_Input_.
▼

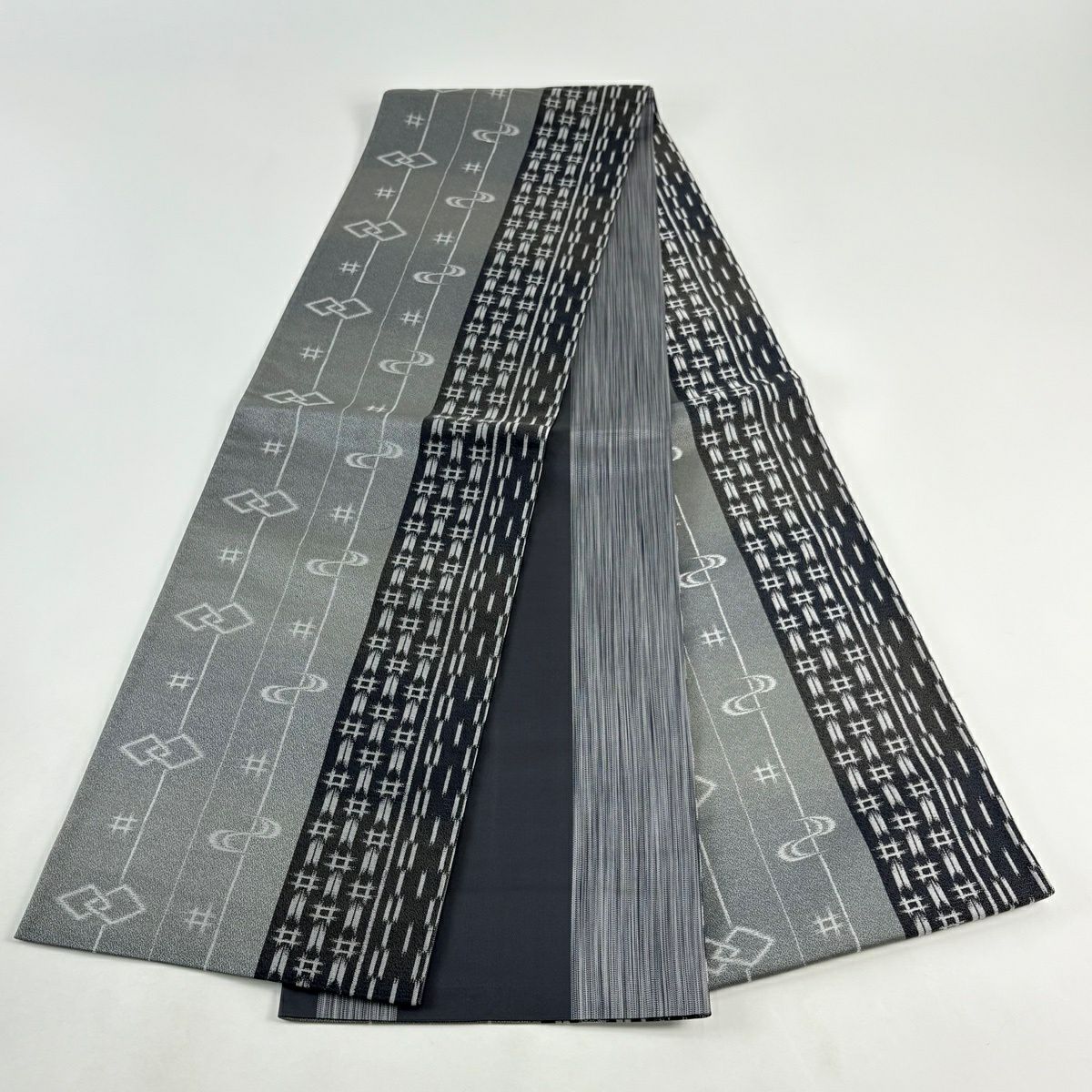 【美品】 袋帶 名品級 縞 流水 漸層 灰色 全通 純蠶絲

▲
▼

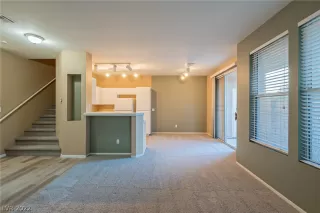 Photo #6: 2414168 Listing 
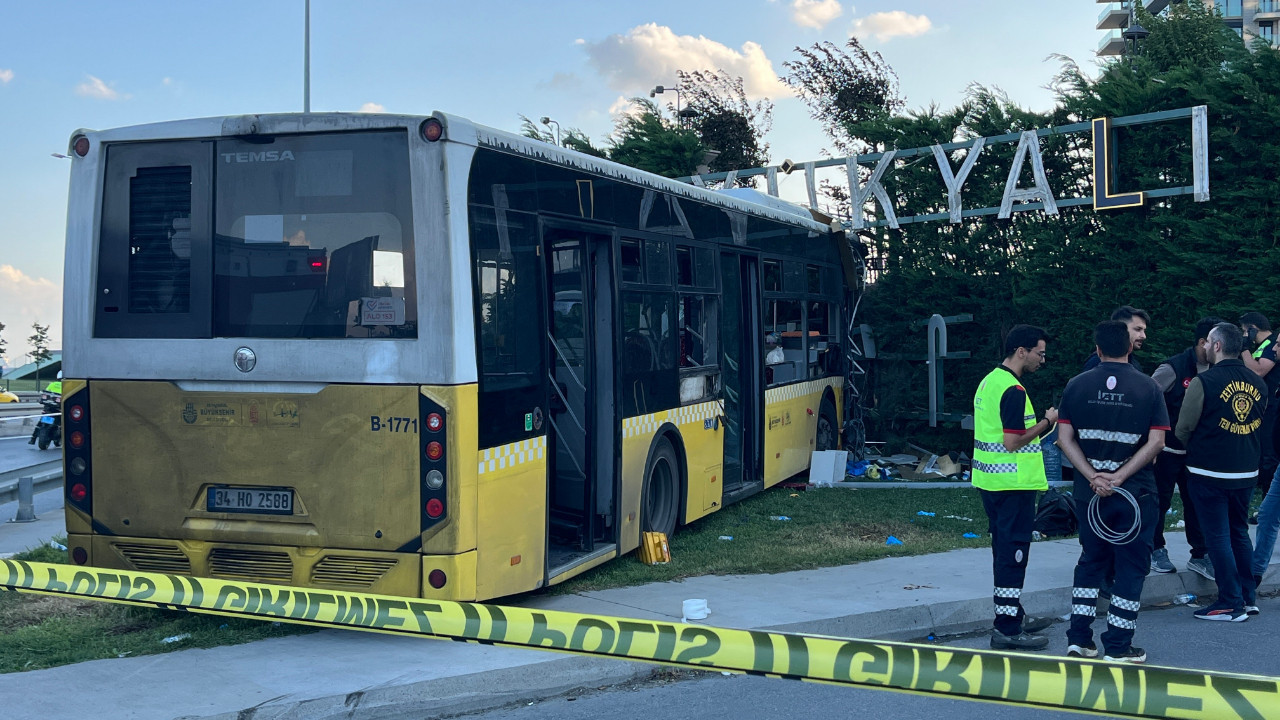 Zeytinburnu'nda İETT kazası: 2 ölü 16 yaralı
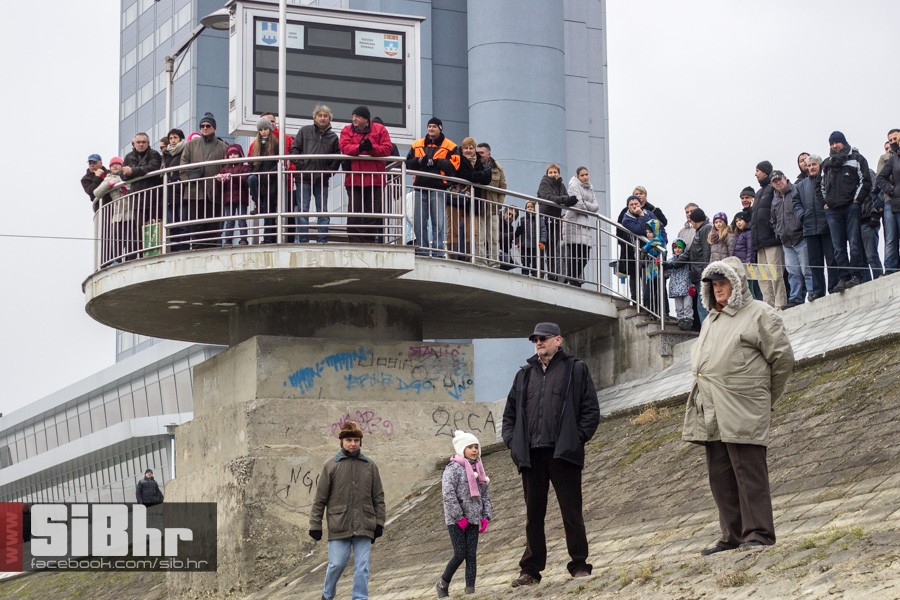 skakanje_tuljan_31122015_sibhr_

▲
▼

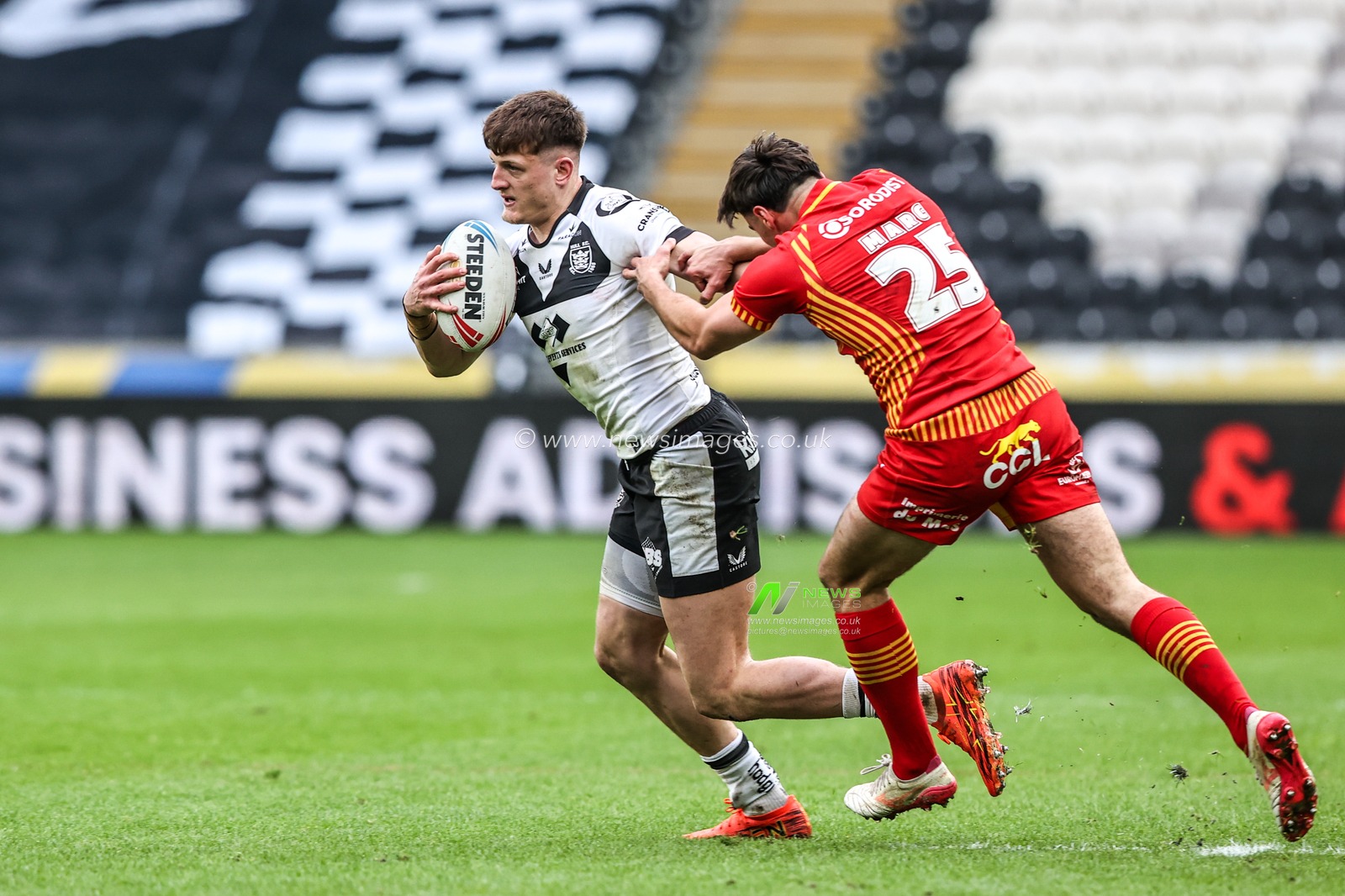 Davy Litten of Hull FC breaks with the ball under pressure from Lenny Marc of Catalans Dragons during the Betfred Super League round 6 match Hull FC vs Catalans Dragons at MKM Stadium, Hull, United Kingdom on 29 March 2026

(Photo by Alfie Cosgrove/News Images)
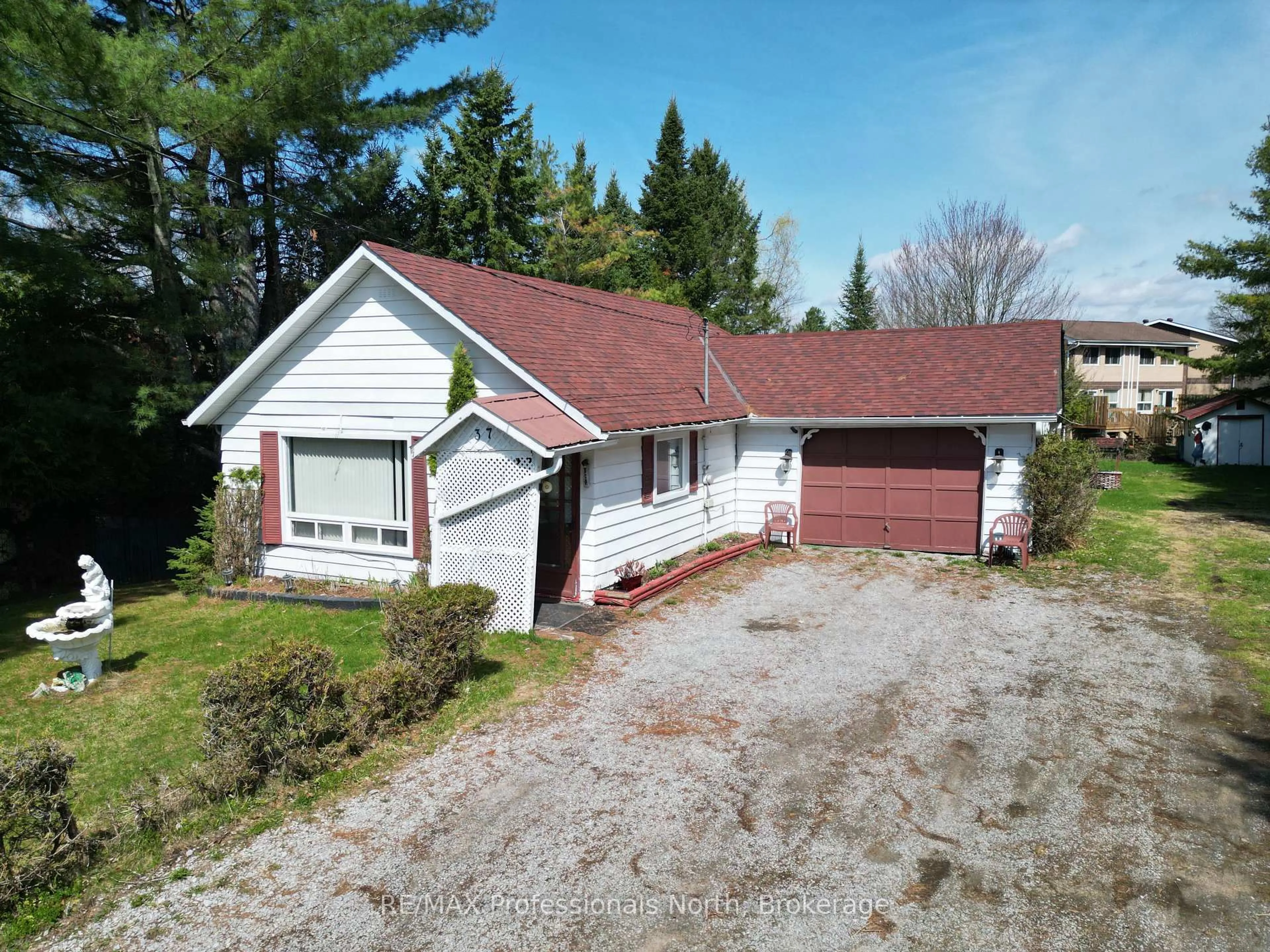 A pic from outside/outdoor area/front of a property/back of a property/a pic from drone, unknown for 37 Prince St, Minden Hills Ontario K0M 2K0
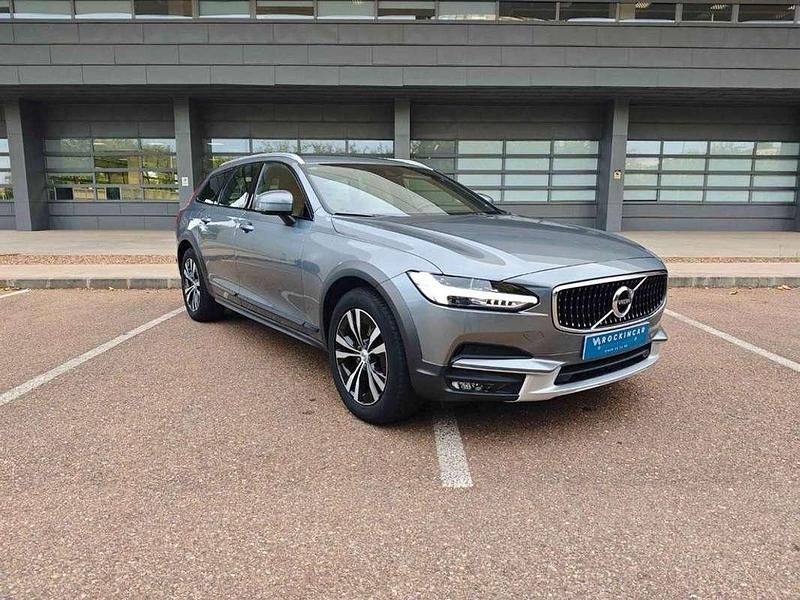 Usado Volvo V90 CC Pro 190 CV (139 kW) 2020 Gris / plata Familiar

▲

_How to complete this task_. Would you copy, word for word, only the lines above from the one containing "Photo #6: 2414168 Listing" through the one containing "skakanje_tuljan_31122015_sibhr_", both included, and please leave out the pictures?

_Result_.
 Photo #6: 2414168 Listing 
 Zeytinburnu'nda İETT kazası: 2 ölü 16 yaralı
 skakanje_tuljan_31122015_sibhr_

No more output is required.